Last month, Minneapolis lost a great citizen.

Albert J. Hofstede was the first and the only mayor elected from northeast or north Minneapolis. Al was elected as the Third Ward alderman in 1967. He served two DFL governors — Karl Rolvaag and Wendell Anderson. He was also the second person to chair the Metropolitan Council, a founding member of Catholic Elder Care and a partner in a very important public-affairs firm.

Al grew up in northeast Minneapolis and was a member of St. Anthony of Padua parish. He graduated from DeLaSalle High School and the then-College of St. Thomas and later served on the board of trustees for both institutions as well as for Our Lady of Lourdes. Al stayed active in his community up until his death. He started out as a neighborhood activist in northeast Minneapolis. Encouraged by his parish priest, Al led an impressive group of young people (several of whom also became elected officials) who supported a very controversial urban renewal program.

In the early 1960s, urban blight was common throughout America. Urban decay and federal policies favoring suburbs presented cities with significant challenges. Al’s group wanted to save its neighborhoods. With the support of then-Alderman Richard J. Kantorowicz, the city supported a federal urban renewal program that transformed the St. Anthony East and West neighborhoods. Today, these neighborhoods thrive in the shadows of downtown skyscrapers because of Al’s work decades ago.

Al went on to lead many of our civic fights to make Minneapolis a greater city. As mayor, Al made housing a signature issue. He made the need to renew, reinvest and recreate the housing stock of our city a central and core function of city government. When many urban centers were dying in the 1960s and ’70s, Minneapolis was fighting for its future.

The reason Minneapolis prospered at its urban core well before other places is because our city never gave up on the idea that it was a place worth fighting for and that the heart of the city was the hope of the city. Al worked to stop an unnecessary I-335 freeway through lower northeast Minneapolis. He pushed for a downtown football stadium. Al was also the guy who helped get a major university — St. Thomas — to locate in our city and give us what other world-class cities have — a real downtown campus for higher education.

Perhaps the best part of Al is this: Because he did so many things such as working for Govs. Rolvaag and Anderson, sitting on the City Council, serving as mayor and on the Met Council, as well as chairing nonprofit boards, he possessed incredible experience and wisdom. But he was also the kindest, most humble and decent person you would meet in public service. And for a city to lose such a person is a great loss. Today, we talk about civility in our public debate and public service. There was no more civil or decent person than Al Hofstede. At his funeral, one person observed that there wasn’t a mean bone in his body and that it was always about serving others around him to make our city better.

Al said many times that no one in our city should ever be enemies and that we should always act as friends in the place we call home.

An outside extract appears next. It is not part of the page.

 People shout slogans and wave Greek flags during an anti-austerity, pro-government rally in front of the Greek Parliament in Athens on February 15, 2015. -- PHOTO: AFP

Al brought that mentality to everything he did. He certainly never saw a fellow Minneapolitan as an opponent or an enemy or a person who was wrong or someone to belittle or ridicule. But rather, Al saw all individuals as a person who had a family, who needed a job, who needed a place to live, who needed a way to get to work and to travel, and who wanted the best for their families. Some would call that a simple perspective; I consider it a profound way to look at public service.

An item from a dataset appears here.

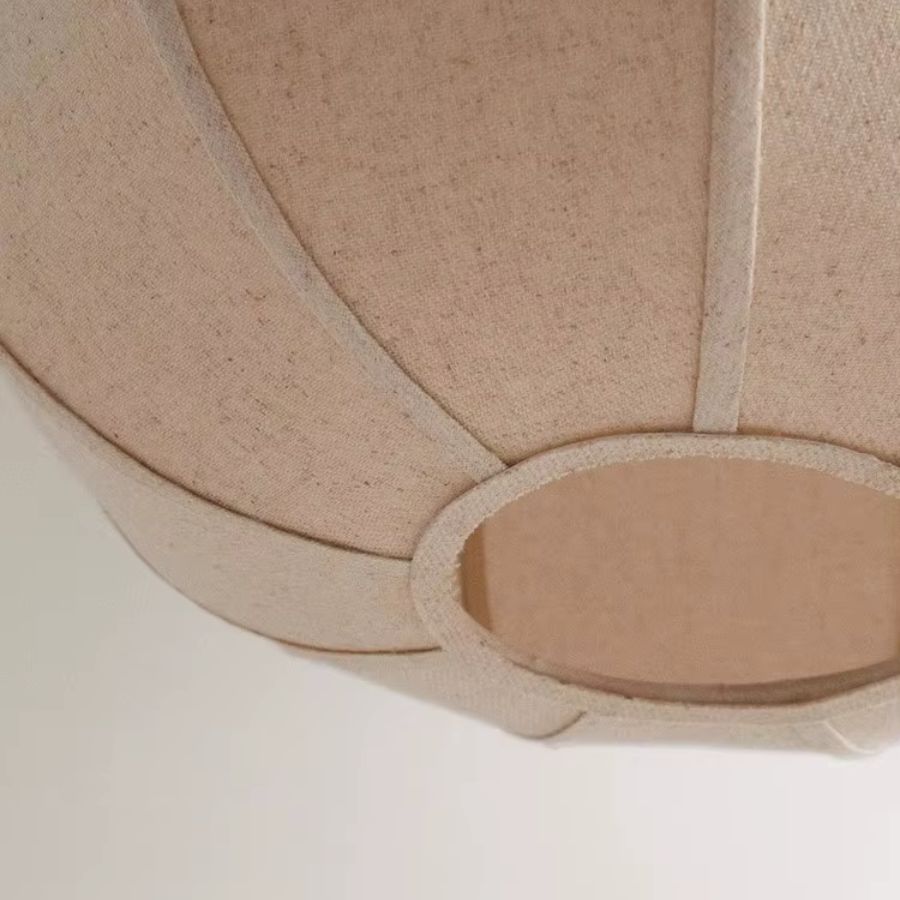 Vue rapprochée d’une suspension en lin beige montrant l’abat-jour à pétales galbés et sa texture naturelle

Al also had a famous saying that you couldn’t run the city without the help of the state Legislature. Like his many efforts on behalf of others and the way he led his life, Al’s messages are ones that I continue to use in my work on the City Council. It is important that we understand that we are all connected — not only throughout our city but throughout our state, and even throughout our nation and world. And we should preface all we do with kindness, decency and humility.


Barbara J. Johnson is president of the Minneapolis City Council.